WHAT TO WORK ON | When you reach the line holding "Eikenlaan 5C, SPIJKENISSE" in the material below, return that line and each one after it, word for word, with the pictures dropped.
[Start of Attachment]
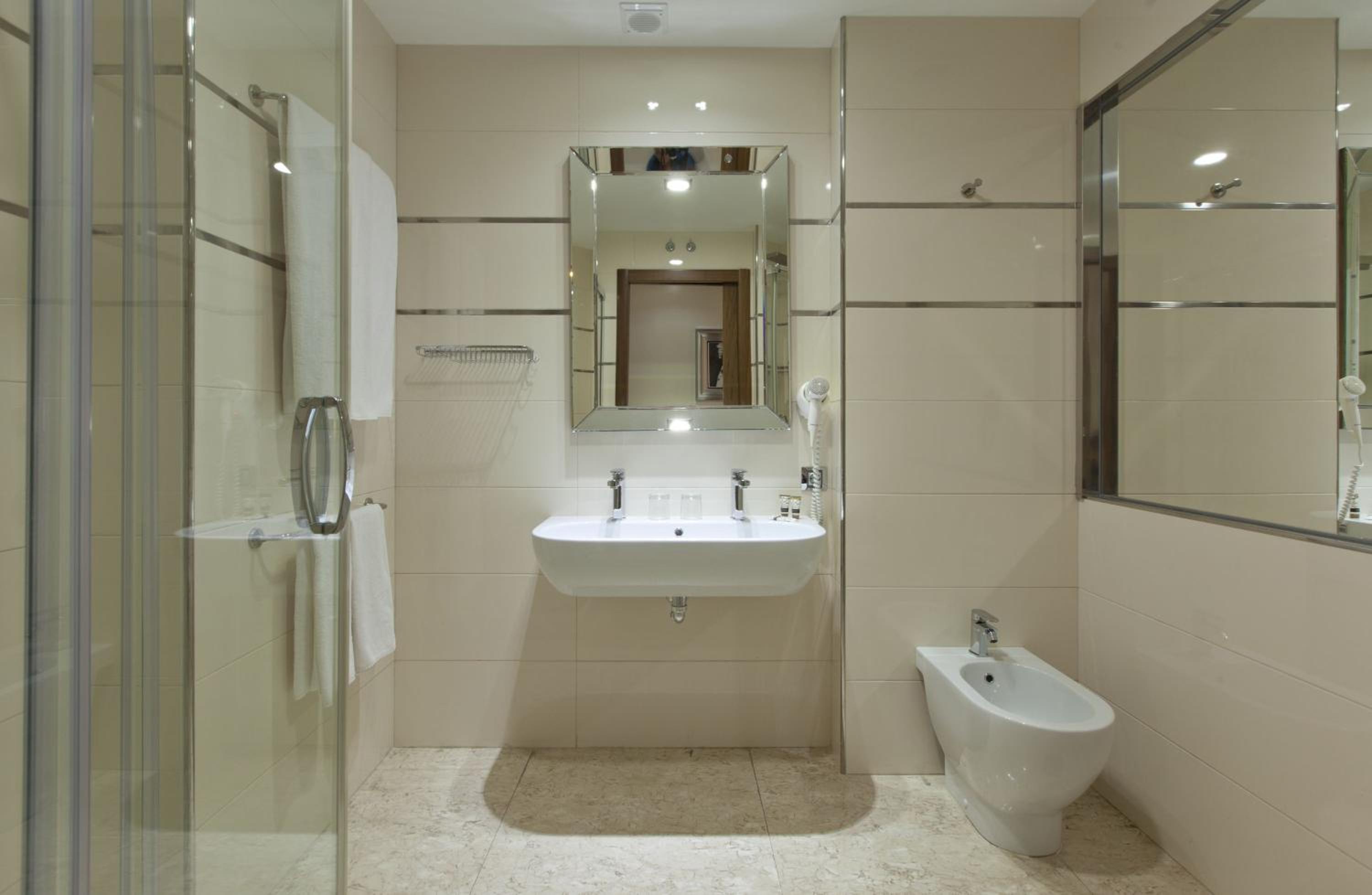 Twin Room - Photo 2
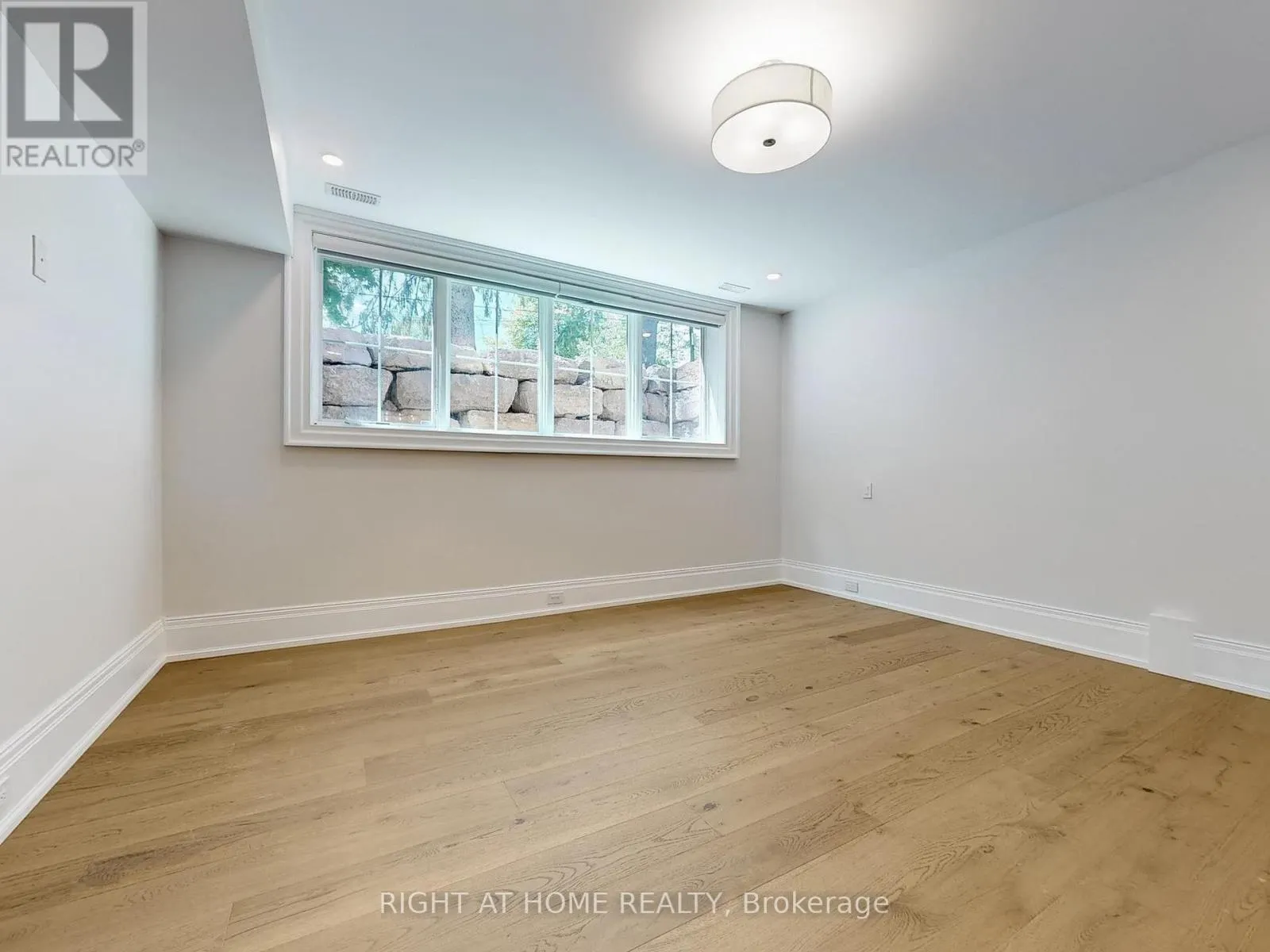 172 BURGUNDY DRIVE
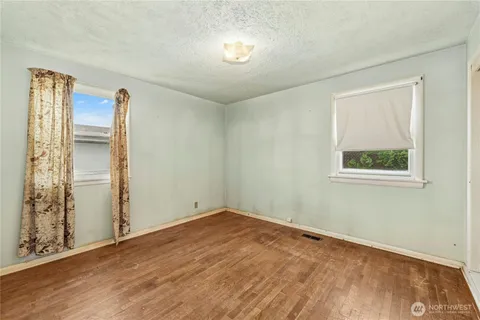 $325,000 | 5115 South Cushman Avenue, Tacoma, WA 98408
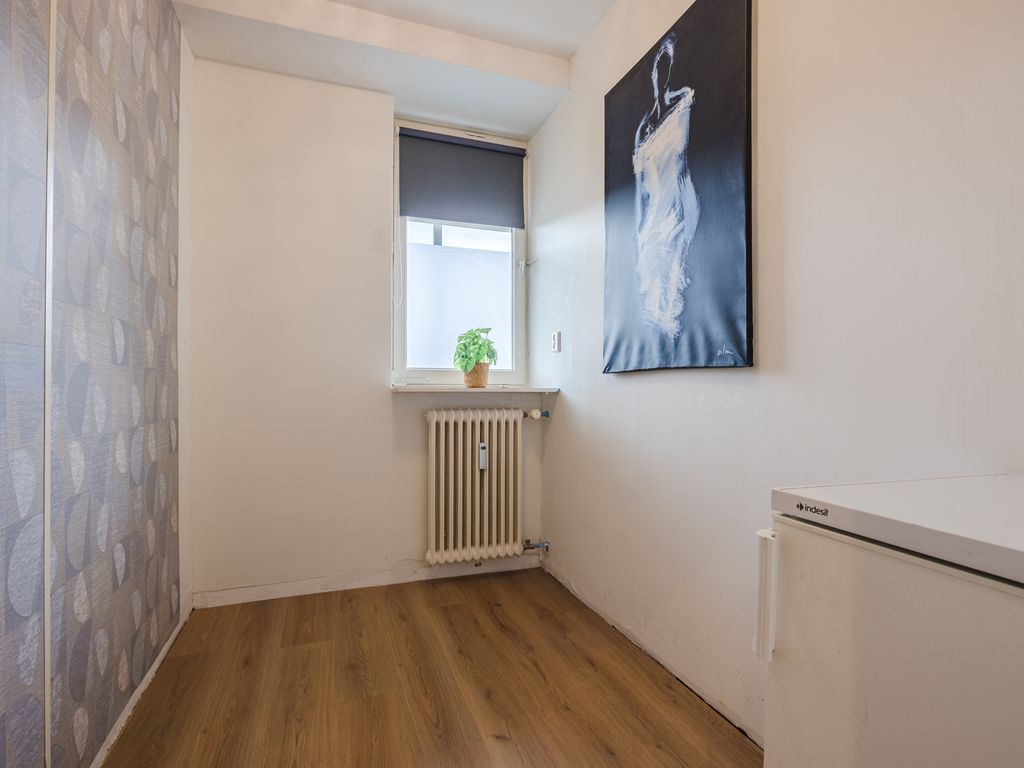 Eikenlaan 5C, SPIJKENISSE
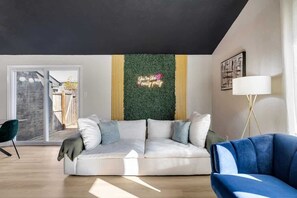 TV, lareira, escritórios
[End of Attachment]
EXERCISE SOLUTION |
 Eikenlaan 5C, SPIJKENISSE
 TV, lareira, escritórios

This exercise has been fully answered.